[Excerpts from a dataset]
※

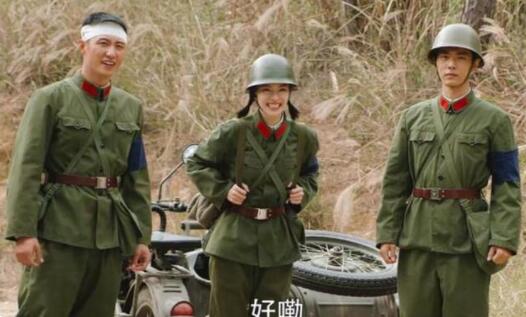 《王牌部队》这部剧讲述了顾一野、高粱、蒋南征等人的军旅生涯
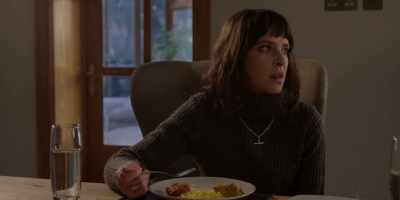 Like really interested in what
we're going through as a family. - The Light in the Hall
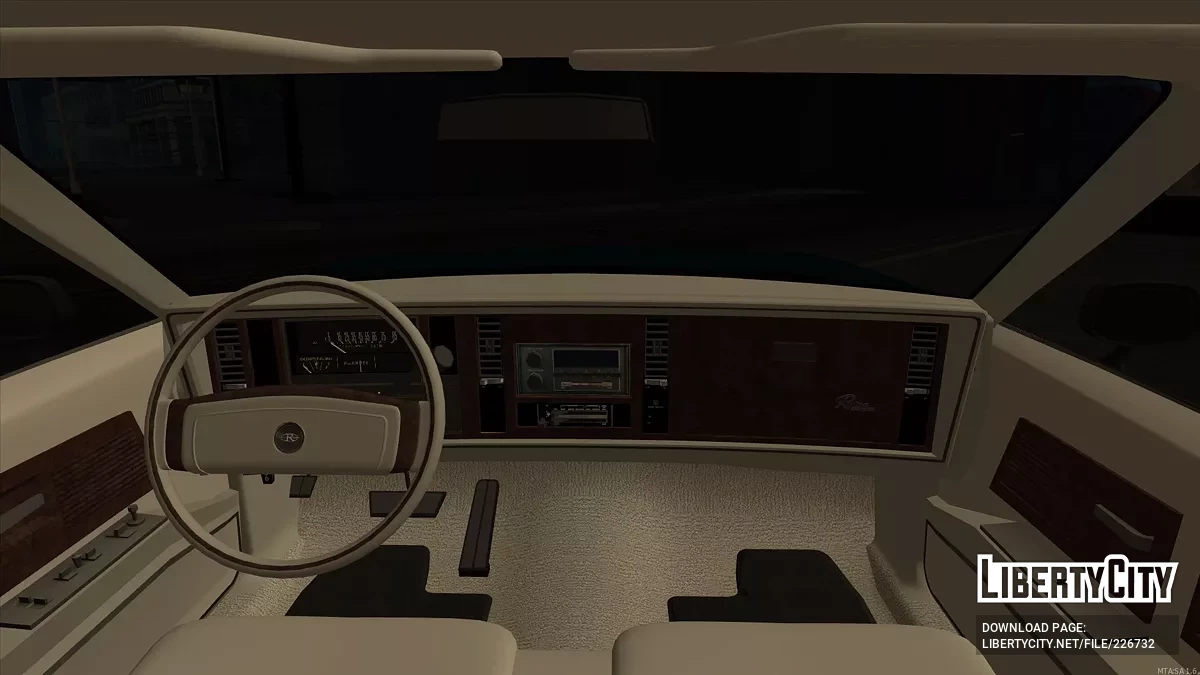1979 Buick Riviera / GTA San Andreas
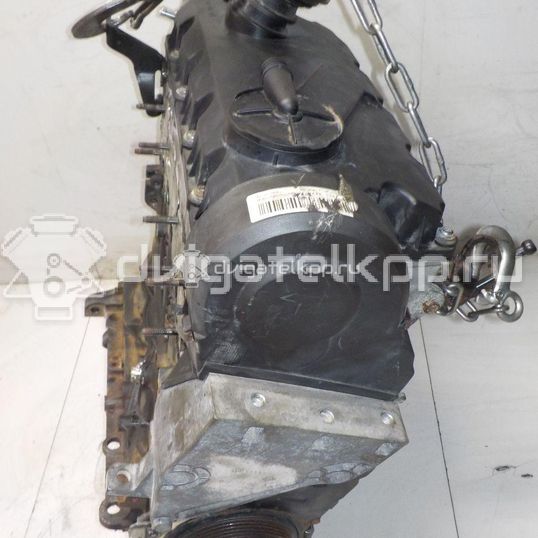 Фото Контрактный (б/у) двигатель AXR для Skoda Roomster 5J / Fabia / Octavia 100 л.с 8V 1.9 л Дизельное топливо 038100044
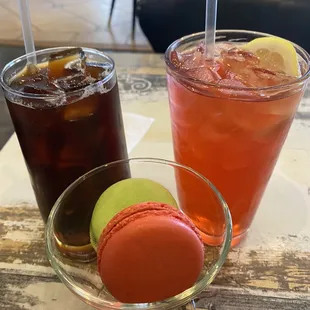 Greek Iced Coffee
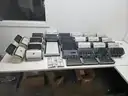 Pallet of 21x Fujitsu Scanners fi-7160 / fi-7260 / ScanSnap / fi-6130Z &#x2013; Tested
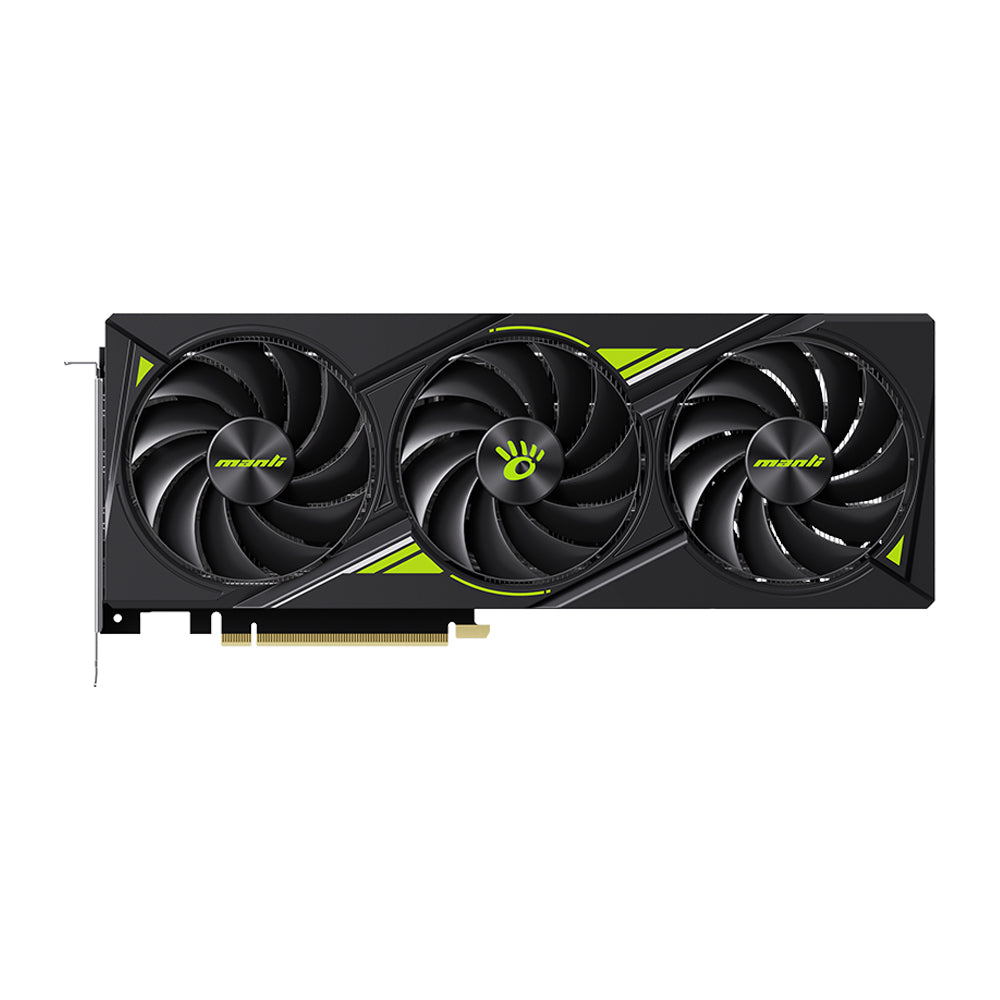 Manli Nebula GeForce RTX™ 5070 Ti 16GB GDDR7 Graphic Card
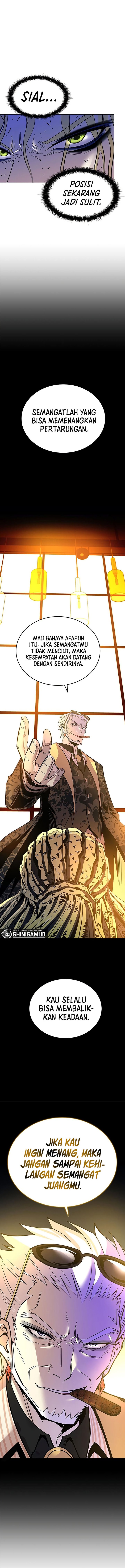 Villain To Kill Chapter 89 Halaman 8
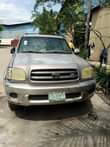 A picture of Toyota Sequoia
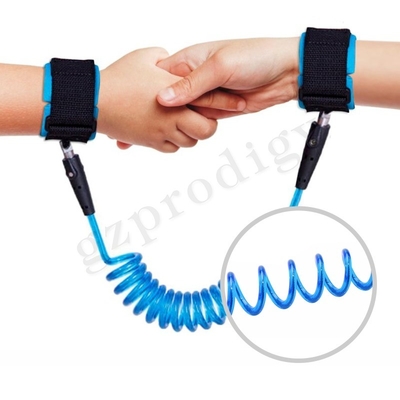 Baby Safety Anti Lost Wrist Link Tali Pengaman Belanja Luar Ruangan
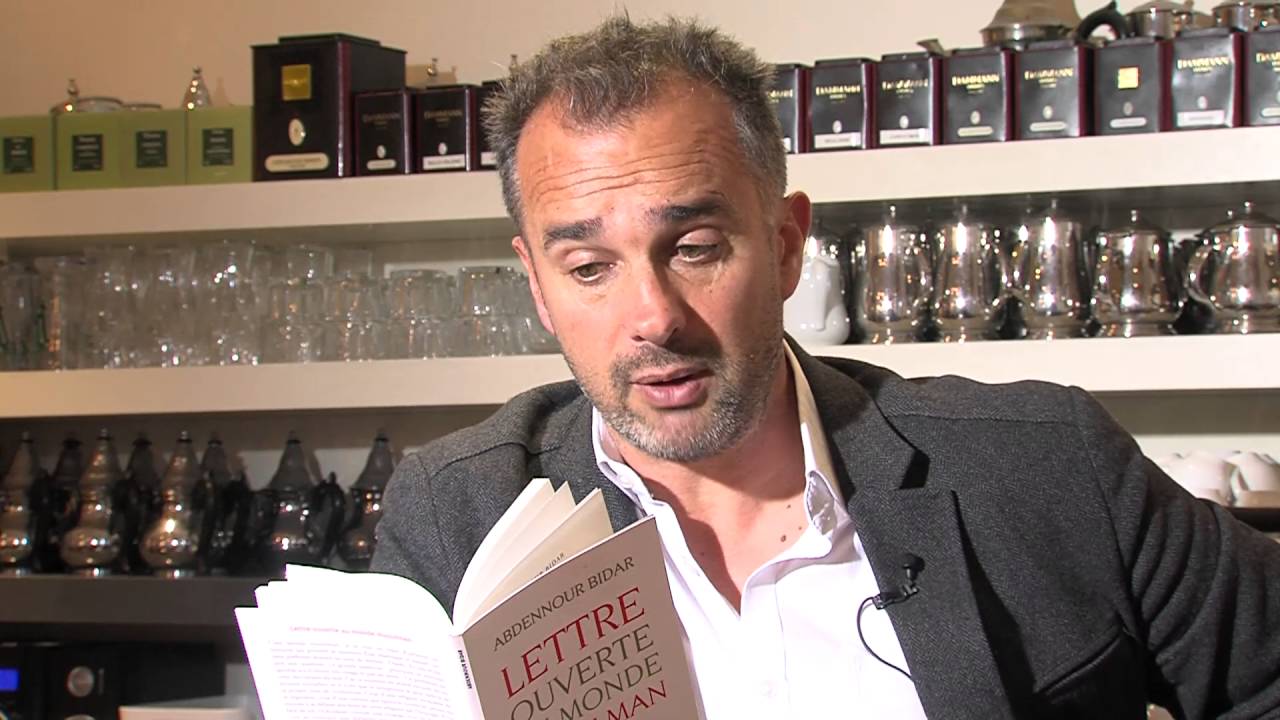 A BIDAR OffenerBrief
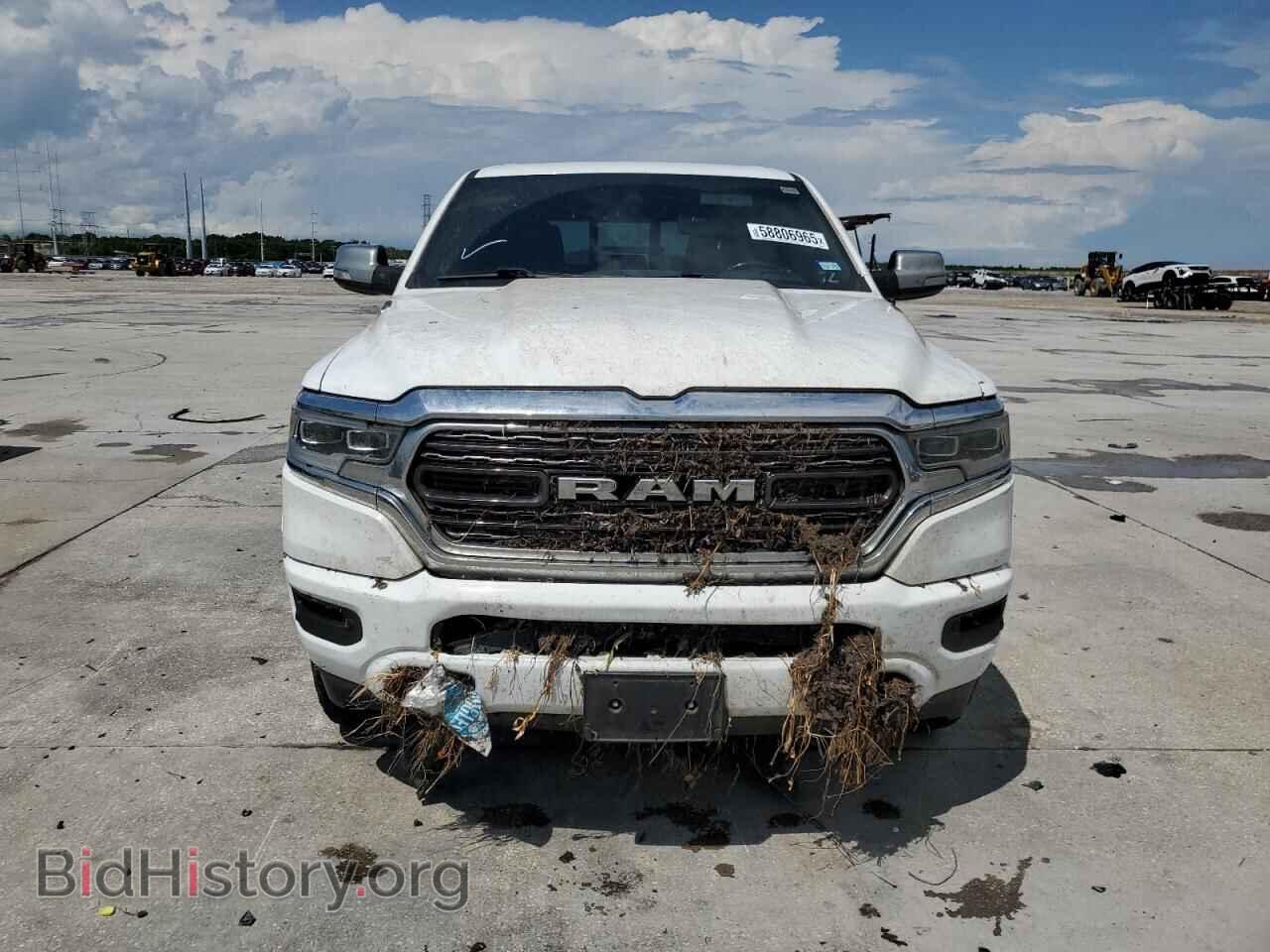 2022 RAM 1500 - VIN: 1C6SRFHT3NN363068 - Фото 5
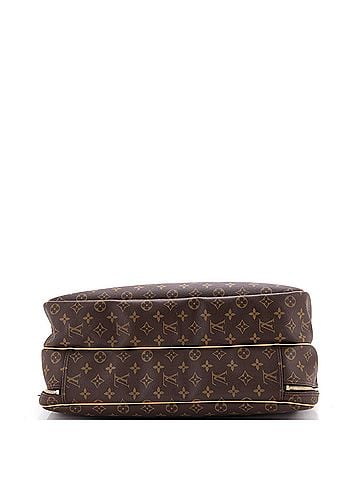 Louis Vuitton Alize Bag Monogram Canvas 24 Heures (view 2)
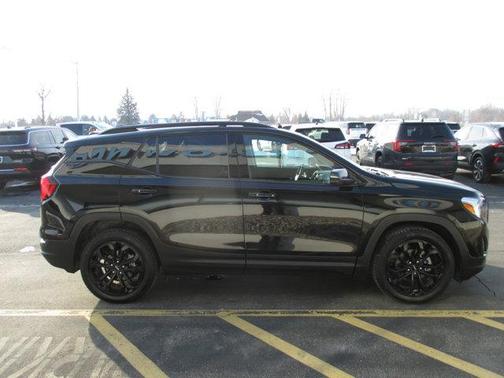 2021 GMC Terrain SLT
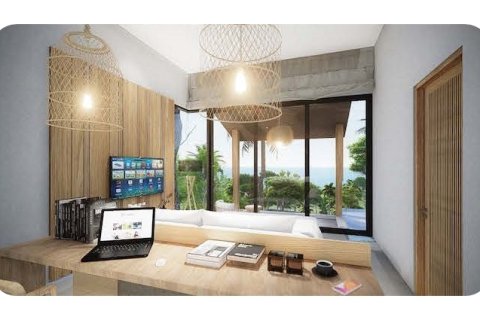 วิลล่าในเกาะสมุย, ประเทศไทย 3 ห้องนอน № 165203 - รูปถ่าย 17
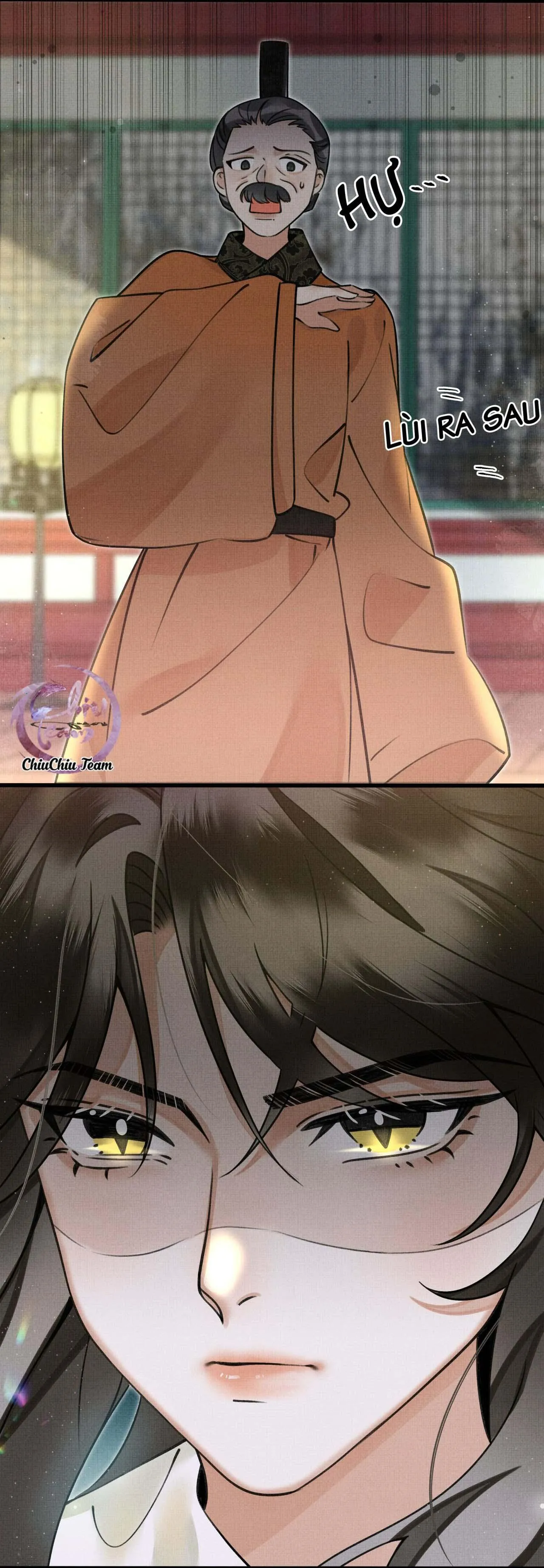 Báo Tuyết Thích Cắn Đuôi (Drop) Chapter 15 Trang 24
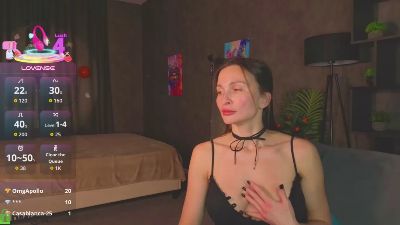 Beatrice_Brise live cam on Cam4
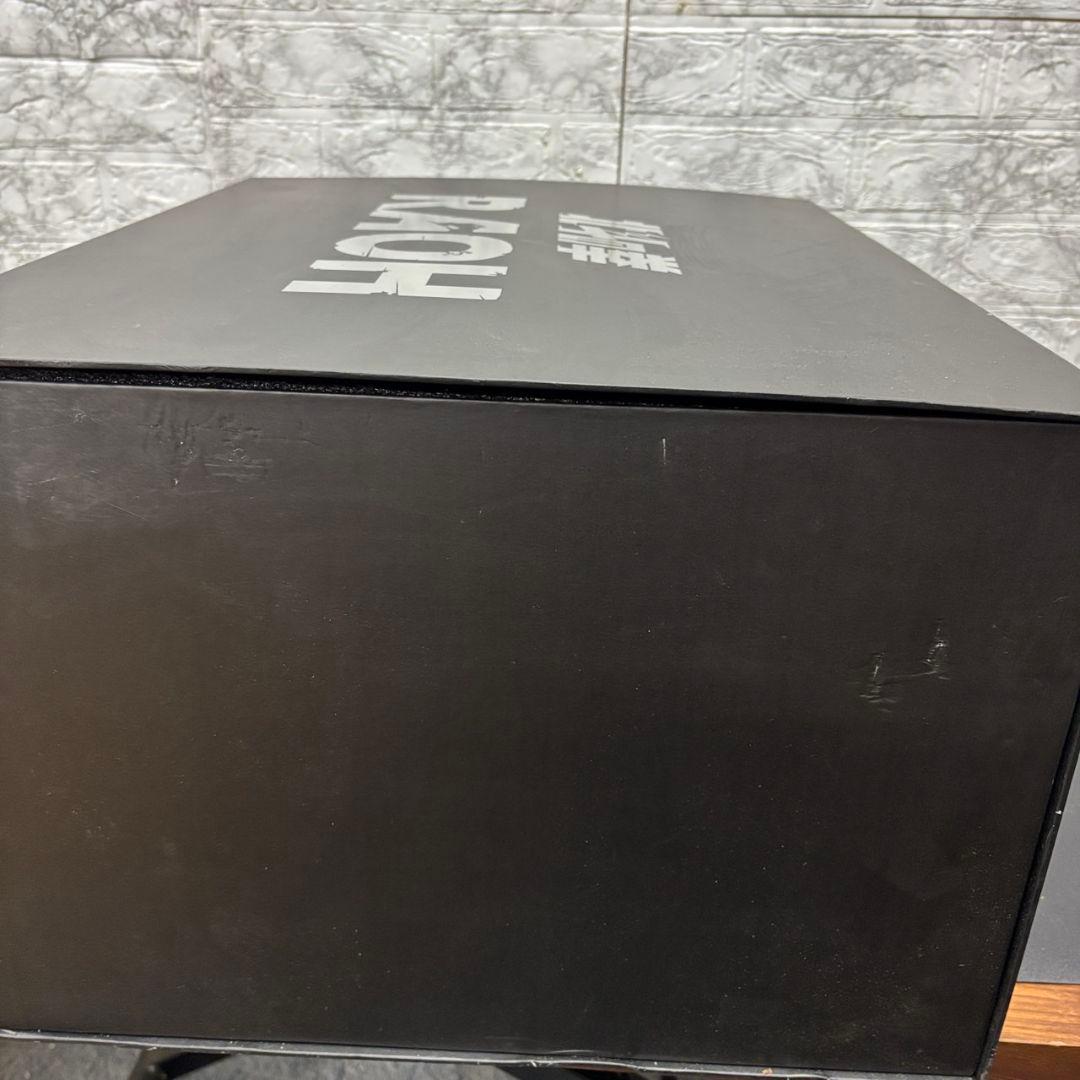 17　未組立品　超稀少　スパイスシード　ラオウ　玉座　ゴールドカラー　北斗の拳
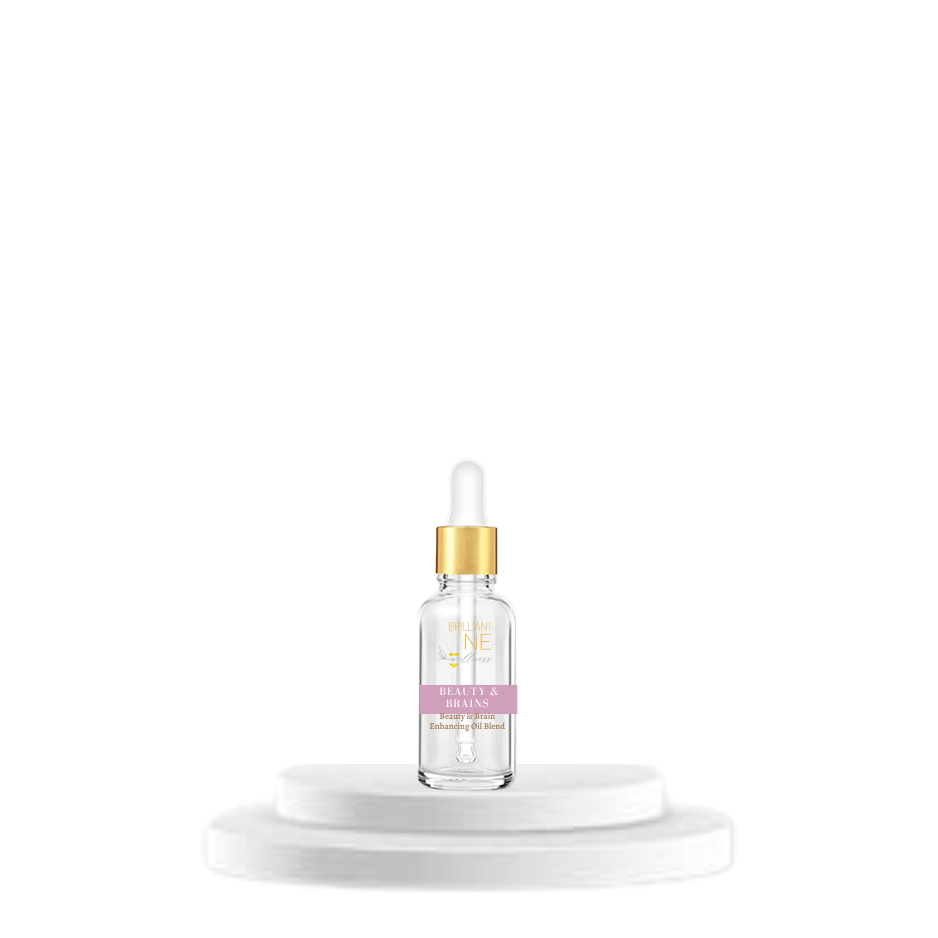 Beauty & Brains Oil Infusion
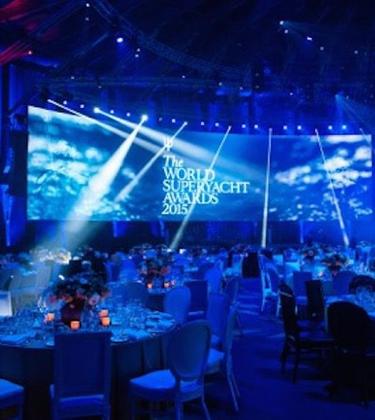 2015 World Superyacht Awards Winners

※

Task instructions » Output the data exactly. Leave every picture out.

Solution »
 《王牌部队》这部剧讲述了顾一野、高粱、蒋南征等人的军旅生涯
 Like really interested in what
we're going through as a family. - The Light in the Hall
1979 Buick Riviera / GTA San Andreas
 Фото Контрактный (б/у) двигатель AXR для Skoda Roomster 5J / Fabia / Octavia 100 л.с 8V 1.9 л Дизельное топливо 038100044
 Greek Iced Coffee
 Pallet of 21x Fujitsu Scanners fi-7160 / fi-7260 / ScanSnap / fi-6130Z &#x2013; Tested
 Manli Nebula GeForce RTX™ 5070 Ti 16GB GDDR7 Graphic Card
 Villain To Kill Chapter 89 Halaman 8
 A picture of Toyota Sequoia
 Baby Safety Anti Lost Wrist Link Tali Pengaman Belanja Luar Ruangan
 A BIDAR OffenerBrief
 2022 RAM 1500 - VIN: 1C6SRFHT3NN363068 - Фото 5
 Louis Vuitton Alize Bag Monogram Canvas 24 Heures (view 2)
 2021 GMC Terrain SLT
 วิลล่าในเกาะสมุย, ประเทศไทย 3 ห้องนอน № 165203 - รูปถ่าย 17
 Báo Tuyết Thích Cắn Đuôi (Drop) Chapter 15 Trang 24
 Beatrice_Brise live cam on Cam4
 17　未組立品　超稀少　スパイスシード　ラオウ　玉座　ゴールドカラー　北斗の拳
 Beauty & Brains Oil Infusion
 2015 World Superyacht Awards Winners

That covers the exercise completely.